# [Requirement]
Set out exactly, line by line, the stretch of data below that begins at the line containing "Недвижимость Apartment Monaco, Jardin" and ends at the line containing "Ssak.Andono's Avatar'", with both ends kept.

>>>>>

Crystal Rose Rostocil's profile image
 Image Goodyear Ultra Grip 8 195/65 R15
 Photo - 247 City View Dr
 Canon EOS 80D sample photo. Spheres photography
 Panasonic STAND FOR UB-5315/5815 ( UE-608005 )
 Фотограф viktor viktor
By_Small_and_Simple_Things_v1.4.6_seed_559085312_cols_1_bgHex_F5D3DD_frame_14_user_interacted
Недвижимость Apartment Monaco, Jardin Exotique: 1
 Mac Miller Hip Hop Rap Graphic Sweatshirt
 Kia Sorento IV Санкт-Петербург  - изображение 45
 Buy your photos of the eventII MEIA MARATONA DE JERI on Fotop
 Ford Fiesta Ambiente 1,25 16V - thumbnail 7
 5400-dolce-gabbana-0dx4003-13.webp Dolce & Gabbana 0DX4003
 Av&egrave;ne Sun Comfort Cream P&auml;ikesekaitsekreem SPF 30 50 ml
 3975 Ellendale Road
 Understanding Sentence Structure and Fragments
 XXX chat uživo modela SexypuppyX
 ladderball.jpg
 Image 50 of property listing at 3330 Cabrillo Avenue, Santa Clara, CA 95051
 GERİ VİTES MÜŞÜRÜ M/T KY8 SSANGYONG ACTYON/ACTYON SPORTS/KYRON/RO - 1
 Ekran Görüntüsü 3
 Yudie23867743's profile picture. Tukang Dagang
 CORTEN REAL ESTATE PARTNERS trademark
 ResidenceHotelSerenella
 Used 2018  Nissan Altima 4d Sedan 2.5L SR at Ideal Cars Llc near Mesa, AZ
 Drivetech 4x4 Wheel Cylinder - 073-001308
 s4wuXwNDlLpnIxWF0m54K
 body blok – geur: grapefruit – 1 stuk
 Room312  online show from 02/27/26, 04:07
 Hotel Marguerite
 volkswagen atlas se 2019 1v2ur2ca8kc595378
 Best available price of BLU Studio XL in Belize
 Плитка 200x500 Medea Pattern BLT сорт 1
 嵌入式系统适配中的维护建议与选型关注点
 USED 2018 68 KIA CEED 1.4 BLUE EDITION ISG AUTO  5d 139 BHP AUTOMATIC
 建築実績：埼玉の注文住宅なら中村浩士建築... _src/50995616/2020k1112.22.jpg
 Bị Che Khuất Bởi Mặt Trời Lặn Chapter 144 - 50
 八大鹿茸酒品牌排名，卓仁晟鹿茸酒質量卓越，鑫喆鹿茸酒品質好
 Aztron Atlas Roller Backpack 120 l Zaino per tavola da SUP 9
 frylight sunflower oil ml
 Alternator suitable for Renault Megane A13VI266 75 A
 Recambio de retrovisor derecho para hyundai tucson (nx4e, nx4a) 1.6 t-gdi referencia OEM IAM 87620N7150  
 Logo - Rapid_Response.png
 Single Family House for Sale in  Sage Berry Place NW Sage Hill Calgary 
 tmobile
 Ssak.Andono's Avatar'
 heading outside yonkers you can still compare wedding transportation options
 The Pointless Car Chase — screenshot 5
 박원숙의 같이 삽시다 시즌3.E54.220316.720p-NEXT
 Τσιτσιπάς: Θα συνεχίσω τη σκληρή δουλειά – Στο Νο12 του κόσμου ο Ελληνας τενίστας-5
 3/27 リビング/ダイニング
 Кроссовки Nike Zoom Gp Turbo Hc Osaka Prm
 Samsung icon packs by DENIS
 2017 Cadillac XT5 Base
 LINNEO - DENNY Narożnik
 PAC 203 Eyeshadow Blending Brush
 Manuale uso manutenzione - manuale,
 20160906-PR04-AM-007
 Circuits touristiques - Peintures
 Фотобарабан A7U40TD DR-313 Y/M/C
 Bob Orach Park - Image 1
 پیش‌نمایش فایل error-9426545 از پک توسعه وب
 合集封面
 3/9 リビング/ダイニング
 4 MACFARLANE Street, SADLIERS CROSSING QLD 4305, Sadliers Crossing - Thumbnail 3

<<<<<

# [Answer]
Недвижимость Apartment Monaco, Jardin Exotique: 1
 Mac Miller Hip Hop Rap Graphic Sweatshirt
 Kia Sorento IV Санкт-Петербург  - изображение 45
 Buy your photos of the eventII MEIA MARATONA DE JERI on Fotop
 Ford Fiesta Ambiente 1,25 16V - thumbnail 7
 5400-dolce-gabbana-0dx4003-13.webp Dolce & Gabbana 0DX4003
 Av&egrave;ne Sun Comfort Cream P&auml;ikesekaitsekreem SPF 30 50 ml
 3975 Ellendale Road
 Understanding Sentence Structure and Fragments
 XXX chat uživo modela SexypuppyX
 ladderball.jpg
 Image 50 of property listing at 3330 Cabrillo Avenue, Santa Clara, CA 95051
 GERİ VİTES MÜŞÜRÜ M/T KY8 SSANGYONG ACTYON/ACTYON SPORTS/KYRON/RO - 1
 Ekran Görüntüsü 3
 Yudie23867743's profile picture. Tukang Dagang
 CORTEN REAL ESTATE PARTNERS trademark
 ResidenceHotelSerenella
 Used 2018  Nissan Altima 4d Sedan 2.5L SR at Ideal Cars Llc near Mesa, AZ
 Drivetech 4x4 Wheel Cylinder - 073-001308
 s4wuXwNDlLpnIxWF0m54K
 body blok – geur: grapefruit – 1 stuk
 Room312  online show from 02/27/26, 04:07
 Hotel Marguerite
 volkswagen atlas se 2019 1v2ur2ca8kc595378
 Best available price of BLU Studio XL in Belize
 Плитка 200x500 Medea Pattern BLT сорт 1
 嵌入式系统适配中的维护建议与选型关注点
 USED 2018 68 KIA CEED 1.4 BLUE EDITION ISG AUTO  5d 139 BHP AUTOMATIC
 建築実績：埼玉の注文住宅なら中村浩士建築... _src/50995616/2020k1112.22.jpg
 Bị Che Khuất Bởi Mặt Trời Lặn Chapter 144 - 50
 八大鹿茸酒品牌排名，卓仁晟鹿茸酒質量卓越，鑫喆鹿茸酒品質好
 Aztron Atlas Roller Backpack 120 l Zaino per tavola da SUP 9
 frylight sunflower oil ml
 Alternator suitable for Renault Megane A13VI266 75 A
 Recambio de retrovisor derecho para hyundai tucson (nx4e, nx4a) 1.6 t-gdi referencia OEM IAM 87620N7150  
 Logo - Rapid_Response.png
 Single Family House for Sale in  Sage Berry Place NW Sage Hill Calgary 
 tmobile
 Ssak.Andono's Avatar'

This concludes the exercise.